CBZ Holdings was this week forced to postpone an extraordinary general meeting (EGM) in an unprecedented move that sparked speculation in the market of a failed buy-in by shareholders into proposals tabled for
discussion at of meeting.
The institution’s chief executive officer, Nyasha Makuvise, said they were likely to reconvene at a date to be announced soon, but indicated a notice on the rescheduled EGM would be published in the press next week.
While officials said they had taken the decision to postpone the EGM because of delays in the delivery of circulars to shareholders on the agenda of the meeting, as well as concerns over the technical wording of the document, sceptics who attended the re-scheduled EGM doubted this, saying the cancellation of the crucial EGM highlighted strong objections against certain clauses of the proposal by key shareholders that could have put directors plans “completely off the rails” if they had been raised at the EGM.
Sources indicated that the EGM had been cancelled after a section of influential shareholders had raised objections against certain clauses of the circular sent to shareholders.
The decision to defer the EGM is likely to delay the consummation of a deal for which the company was seeking shareholder approval.
Businessdigest revealed three weeks ago that CBZ Holdings was in talks that could culminate in the take over of Beverley Building Society for £3,5 million.
Although there was no official confirmation of the reports from the chief executives of either institution, CBZ has issued a cautionary statement to shareholders advising of talks that could lead to an acquisition.
CBZ had called for the EGM to seek shareholder approval for a share buy- back and to allow its board of directors to make acquisitions of complementary businesses.
Some shareholders were stunned when directors informed them on the EGM date that the meeting had been postponed because most shareholders had not received circulars in time.
They were, however, treated to some snacks at the venue of the EGM at a local five-star hotel.
CBZ Holdings chief executive Makuvise later told businessdigest that he had only discovered on Tuesday that most of the shareholders had not received circulars.
“We cancelled the meeting because we felt that some of the shareholders had not been able to get the circulars. I only discovered this when I visited NSSA (National Social Security Authority) and the Ministry of Finance yesterday (Tuesday),” Makuvise told businessdigest.
NSSA, a compulsory pension scheme controlled by government, is one of the major shareholders in CBZ alongside government and South Africa’s Absa.
CBZ is likely to go down in history as the first company in recent history to call off an EGM because of delays in the delivery of agenda notices and the wording of those notices.
It was evident that some shareholders did not believe the reasons given by directors in postponing the EGM, given that shareholders had turned out in their numbers for the meeting.
This reinforced speculation that the decision was taken after some shareholders raised concerns over one of the resolutions a few hours before the actual meeting.
These concerns, sources say, were raised with the CBZ’s board which then sought legal advise on the issues raised.
It was after these consultations with legal advisors that a decision was taken a few hours before the EGM to call it off.
Sources indicated that had the decision been premeditated, CBZ directors would have informed shareholders in advance about the cancellation through a press notice.
One fund manager admitted he had problems with a resolution that sought to give the directors power to make future acquisitions without further approval from shareholders.
The resolution stated: “That directors be and are hereby authorised, to proceed with any acquisitions that in the directors’ view are or would be complementary and related to the company’s business, after the necessary assessment, scrutiny, and due diligence provided the acquisitions comply with the criteria established in the business growth proposal, which is contained in the circular to shareholders.”
The fund manager said he felt that the resolution gave directors unbridled power to seals deals without seeking shareholder approval, even when this was necessary.
“To me, the whole circular was shodily done.
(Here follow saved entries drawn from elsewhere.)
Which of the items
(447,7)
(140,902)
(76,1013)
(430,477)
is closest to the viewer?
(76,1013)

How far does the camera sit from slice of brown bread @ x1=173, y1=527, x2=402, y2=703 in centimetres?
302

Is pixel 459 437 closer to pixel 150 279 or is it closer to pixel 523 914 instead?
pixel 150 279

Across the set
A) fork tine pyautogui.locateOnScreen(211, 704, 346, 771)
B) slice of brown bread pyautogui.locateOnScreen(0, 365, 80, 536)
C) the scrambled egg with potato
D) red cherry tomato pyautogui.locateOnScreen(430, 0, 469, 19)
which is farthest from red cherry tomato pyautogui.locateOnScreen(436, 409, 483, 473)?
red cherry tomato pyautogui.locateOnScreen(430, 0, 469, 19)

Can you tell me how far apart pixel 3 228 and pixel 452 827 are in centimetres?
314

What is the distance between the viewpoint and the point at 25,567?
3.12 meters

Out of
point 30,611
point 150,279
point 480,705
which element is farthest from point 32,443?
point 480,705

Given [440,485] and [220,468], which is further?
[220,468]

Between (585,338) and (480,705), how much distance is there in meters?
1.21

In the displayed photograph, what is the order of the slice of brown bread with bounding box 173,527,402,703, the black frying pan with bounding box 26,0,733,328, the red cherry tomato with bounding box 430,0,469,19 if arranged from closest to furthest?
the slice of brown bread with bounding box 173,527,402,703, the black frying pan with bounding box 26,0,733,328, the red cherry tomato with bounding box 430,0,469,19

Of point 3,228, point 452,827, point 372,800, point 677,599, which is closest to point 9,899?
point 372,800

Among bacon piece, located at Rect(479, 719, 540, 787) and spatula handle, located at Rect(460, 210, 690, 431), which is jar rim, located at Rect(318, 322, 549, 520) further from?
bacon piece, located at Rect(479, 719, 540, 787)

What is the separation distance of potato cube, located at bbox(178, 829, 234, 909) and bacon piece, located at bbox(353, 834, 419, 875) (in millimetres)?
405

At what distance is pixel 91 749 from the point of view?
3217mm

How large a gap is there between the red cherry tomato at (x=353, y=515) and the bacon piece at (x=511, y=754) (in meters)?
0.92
That resolution was too vague. It meant that we were giving directors powers to go buy any company in future without our approval,” the shareholder said.
“To me that meant we were giving approval for acquisitions that could be done 10 years from now because it gave no time limit for the authority.”
Makuvise denied that there was anything sinister about the resolutions and the cancellation of the EGM.
“The reason we wanted this resolution is because we want to do a transaction but that does not mean we will not seek shareholder approval in future deals,” Makuvise said.